_Data for review_:
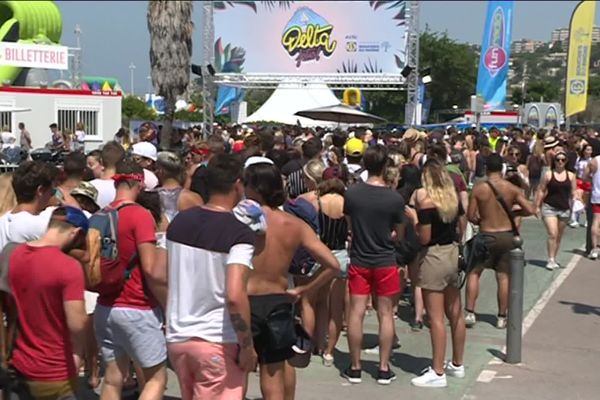 Près de 60 000 jeunes sont attendus sur les plages du Prado pour le Delta Festival.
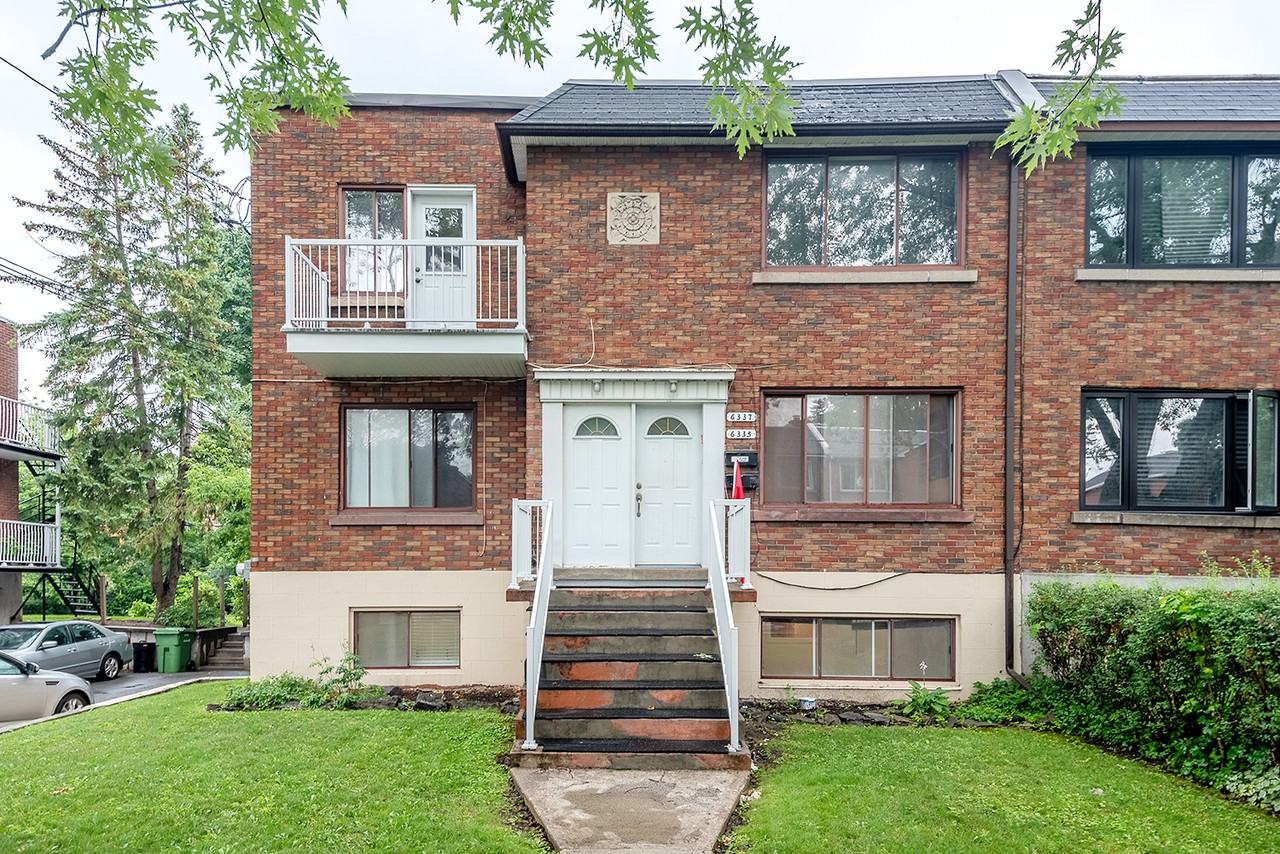 6337 Avenue Macdonald, Montréal, QC H3X 2X3 3 Bedroom Condo for Rent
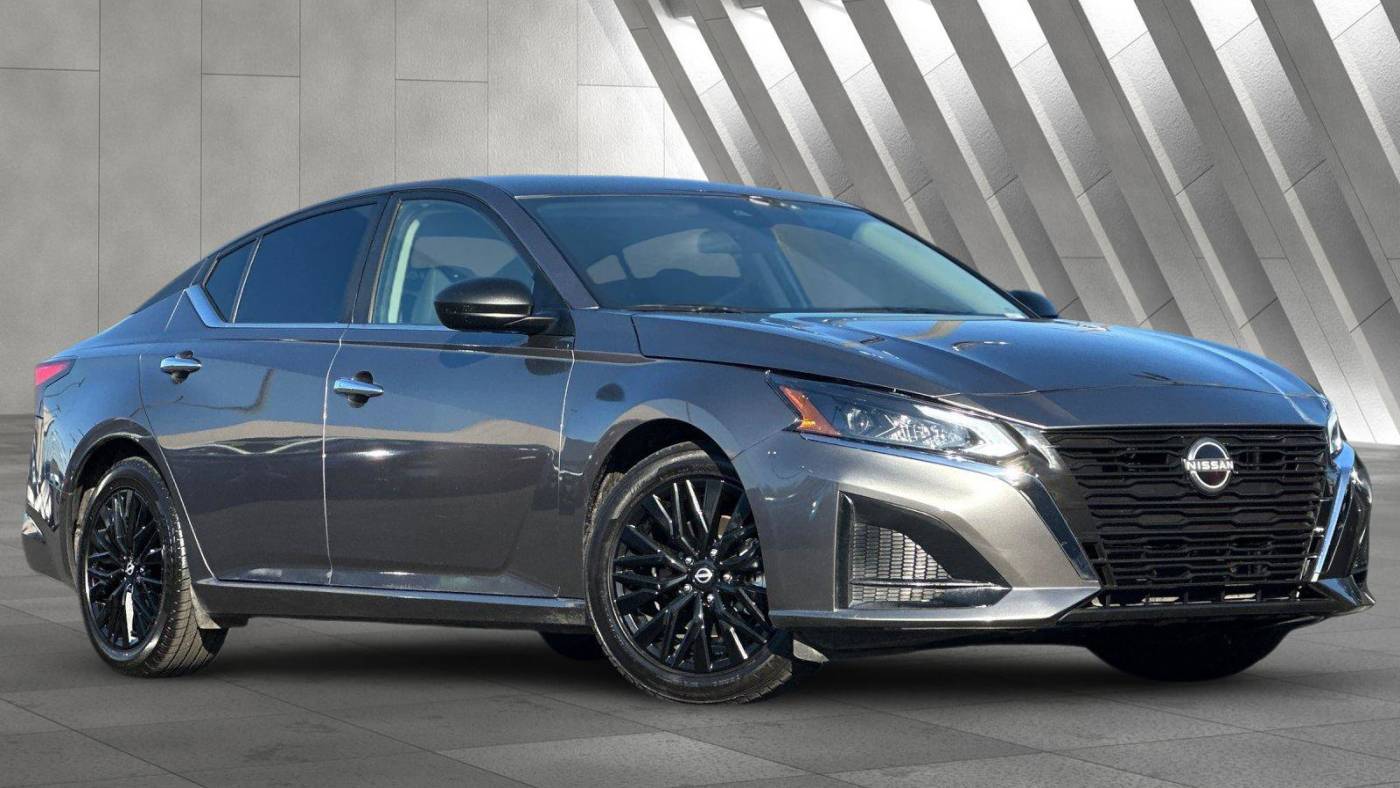 2024 Nissan Altima SV — Sedan — 26,772 mi — Fresno, CA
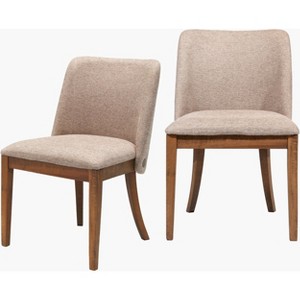 Mark & Day Dijkhoek Modern Dining Chair - 1 of 4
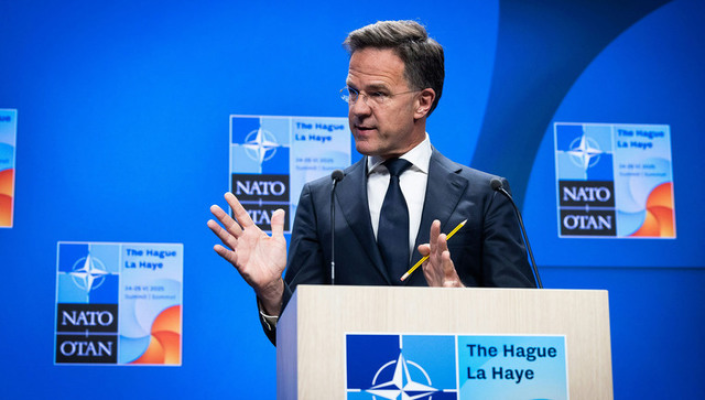 Mark Rutte spune că China ar putea incita Rusia să atace NATO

_Exercise prompt_:
Could the data above be returned in full, exactly, with every image left out?

_Exercise result_:
 Près de 60 000 jeunes sont attendus sur les plages du Prado pour le Delta Festival.
 6337 Avenue Macdonald, Montréal, QC H3X 2X3 3 Bedroom Condo for Rent
 2024 Nissan Altima SV — Sedan — 26,772 mi — Fresno, CA
 Mark & Day Dijkhoek Modern Dining Chair - 1 of 4
 Mark Rutte spune că China ar putea incita Rusia să atace NATO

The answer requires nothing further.